** TASK REQUIREMENTS **
Could you please transcribe the data exactly, without the pictures?

DATA EXCERPTS: Begin

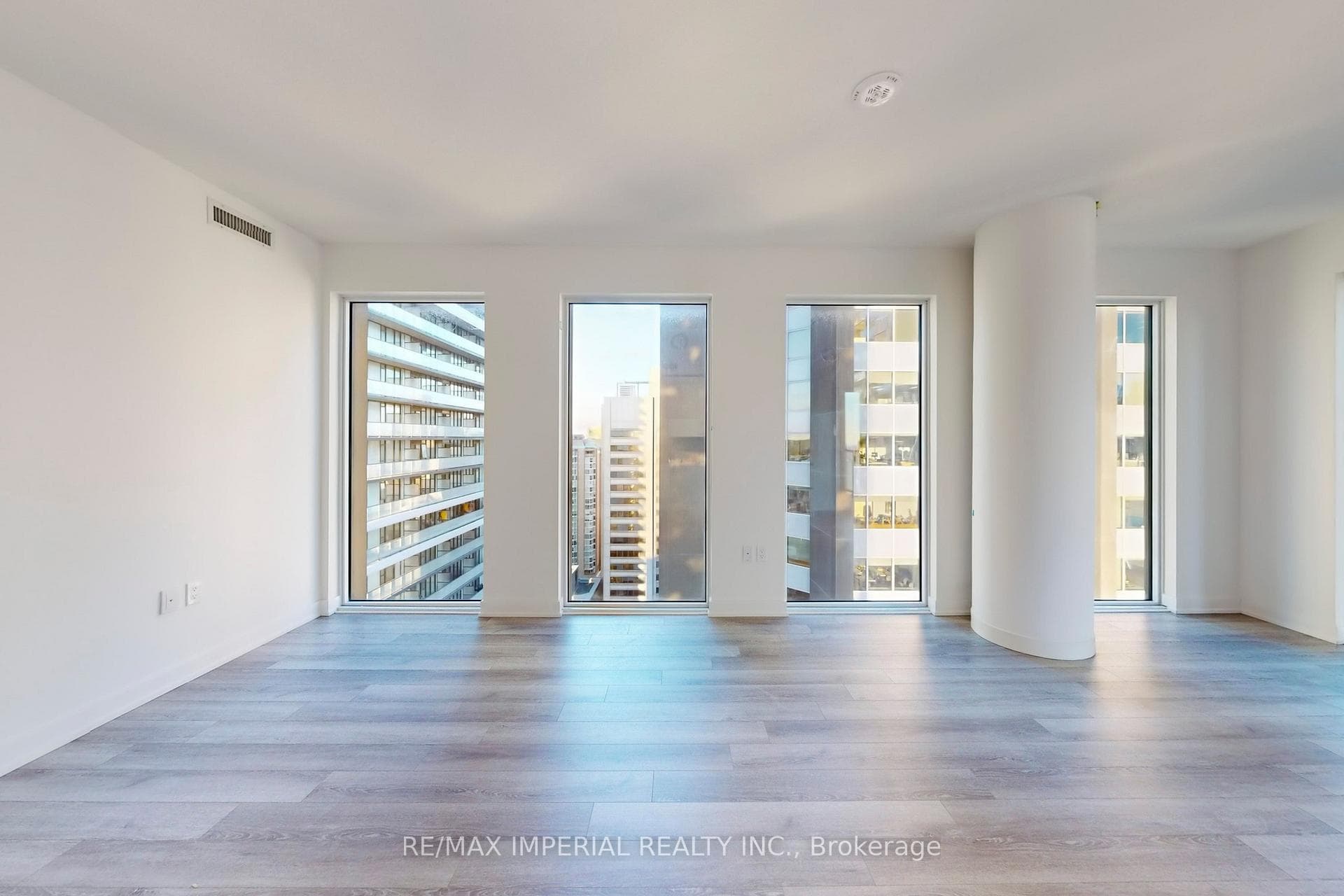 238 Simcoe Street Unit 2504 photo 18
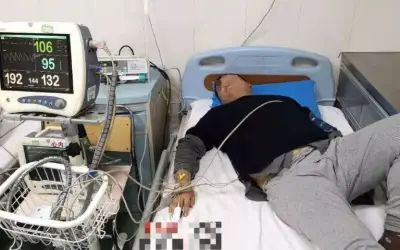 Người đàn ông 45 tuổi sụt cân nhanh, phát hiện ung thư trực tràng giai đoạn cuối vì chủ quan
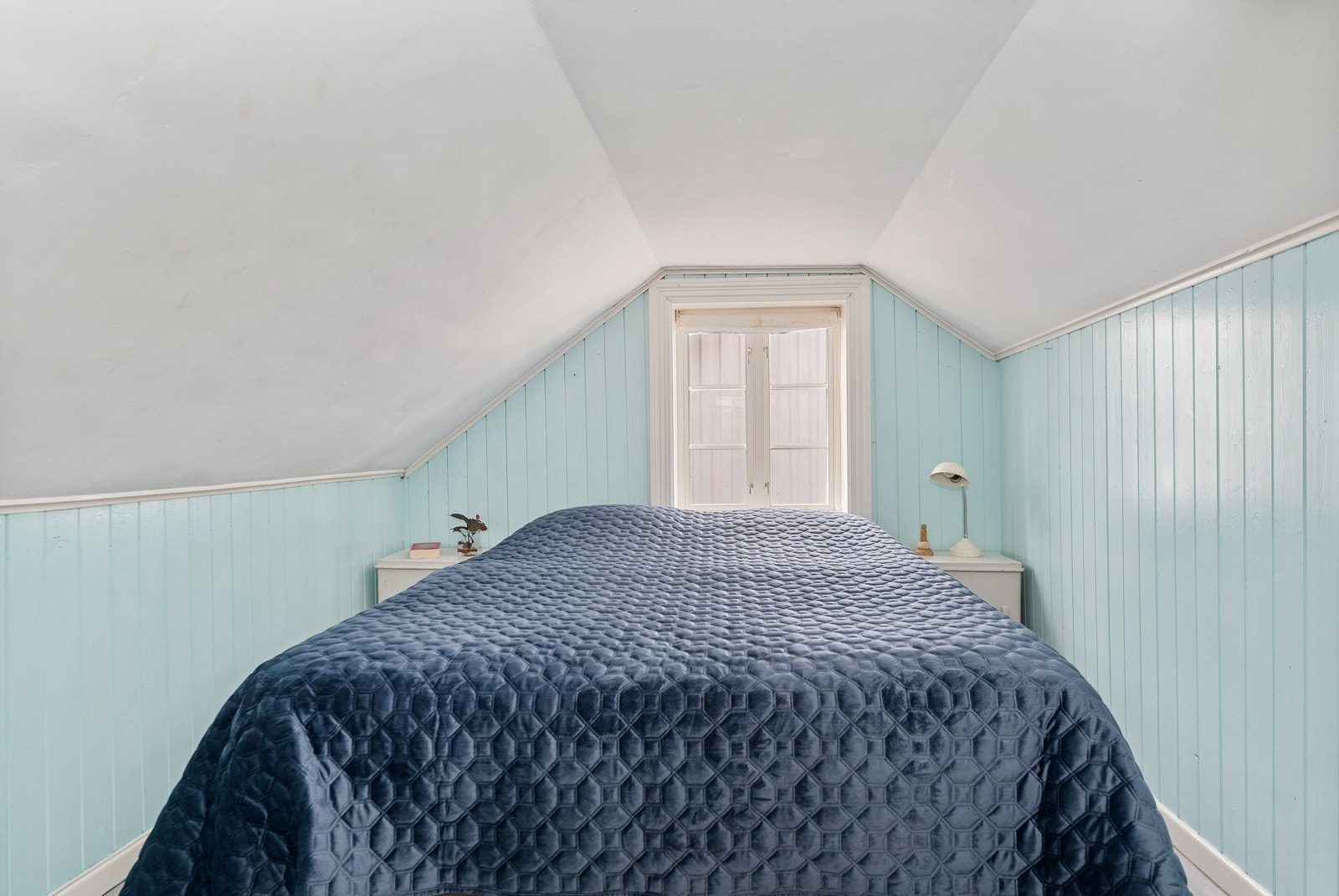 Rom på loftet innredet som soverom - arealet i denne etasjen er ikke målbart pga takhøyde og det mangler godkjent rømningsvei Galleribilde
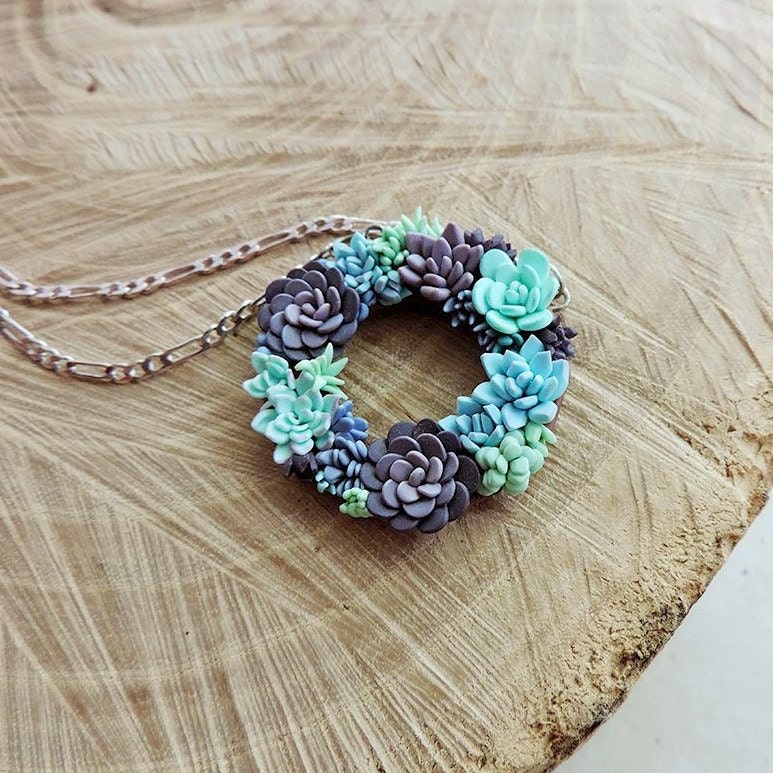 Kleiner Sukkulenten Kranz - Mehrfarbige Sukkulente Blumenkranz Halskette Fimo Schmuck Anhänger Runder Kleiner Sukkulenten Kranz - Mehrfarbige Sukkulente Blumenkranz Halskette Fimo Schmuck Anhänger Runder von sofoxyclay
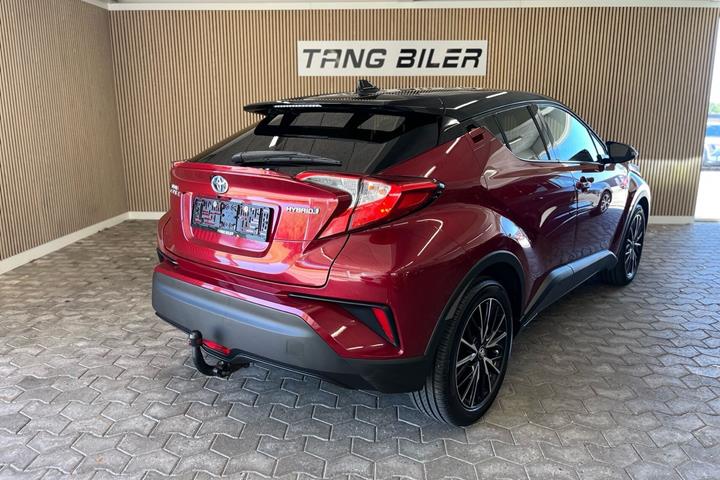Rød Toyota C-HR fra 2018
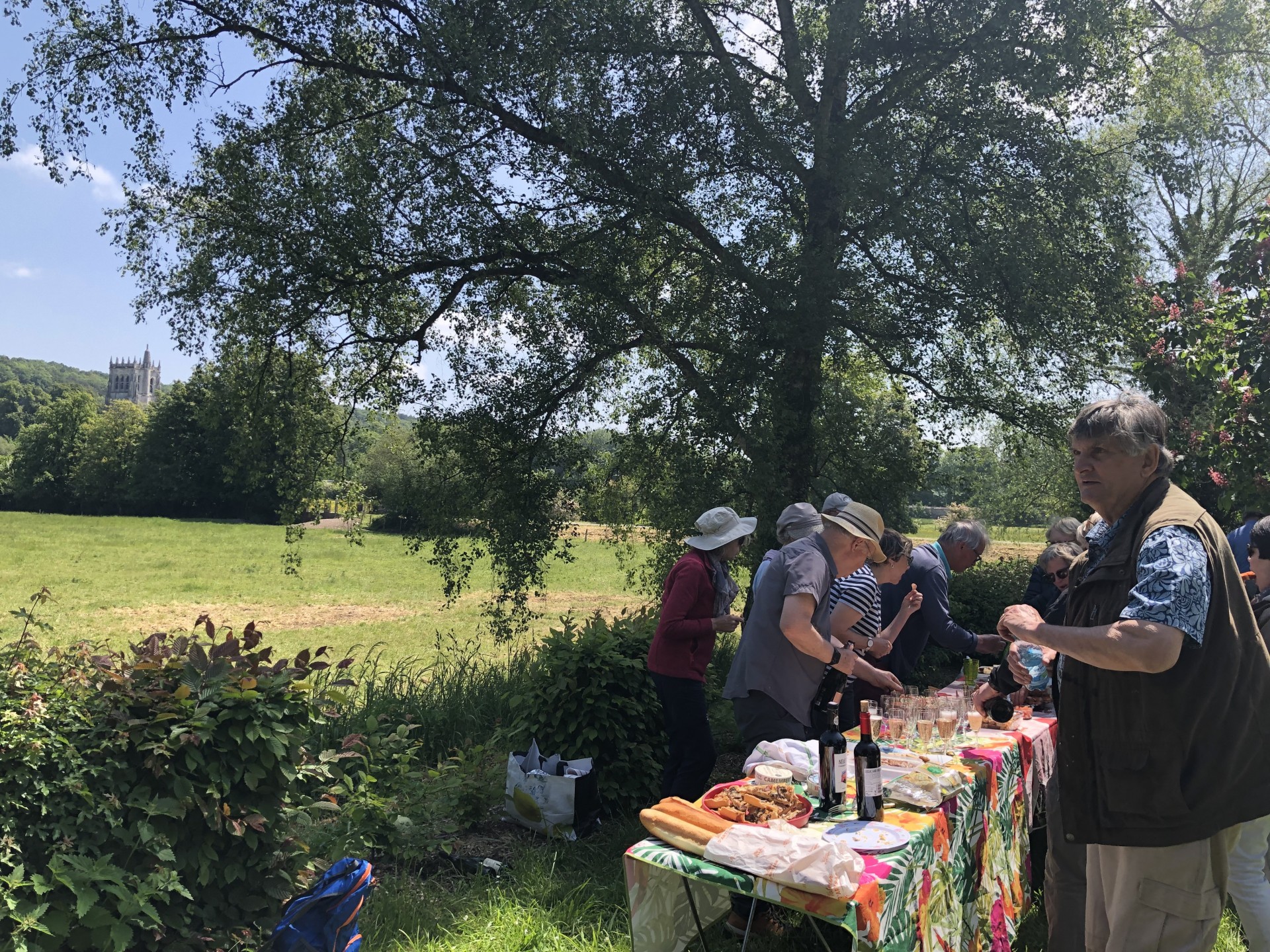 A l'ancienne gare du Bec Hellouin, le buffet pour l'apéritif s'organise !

DATA EXCERPTS: End

** WRITTEN RESPONSE **
 238 Simcoe Street Unit 2504 photo 18
 Người đàn ông 45 tuổi sụt cân nhanh, phát hiện ung thư trực tràng giai đoạn cuối vì chủ quan
 Rom på loftet innredet som soverom - arealet i denne etasjen er ikke målbart pga takhøyde og det mangler godkjent rømningsvei Galleribilde
 Kleiner Sukkulenten Kranz - Mehrfarbige Sukkulente Blumenkranz Halskette Fimo Schmuck Anhänger Runder Kleiner Sukkulenten Kranz - Mehrfarbige Sukkulente Blumenkranz Halskette Fimo Schmuck Anhänger Runder von sofoxyclay
Rød Toyota C-HR fra 2018
 A l'ancienne gare du Bec Hellouin, le buffet pour l'apéritif s'organise !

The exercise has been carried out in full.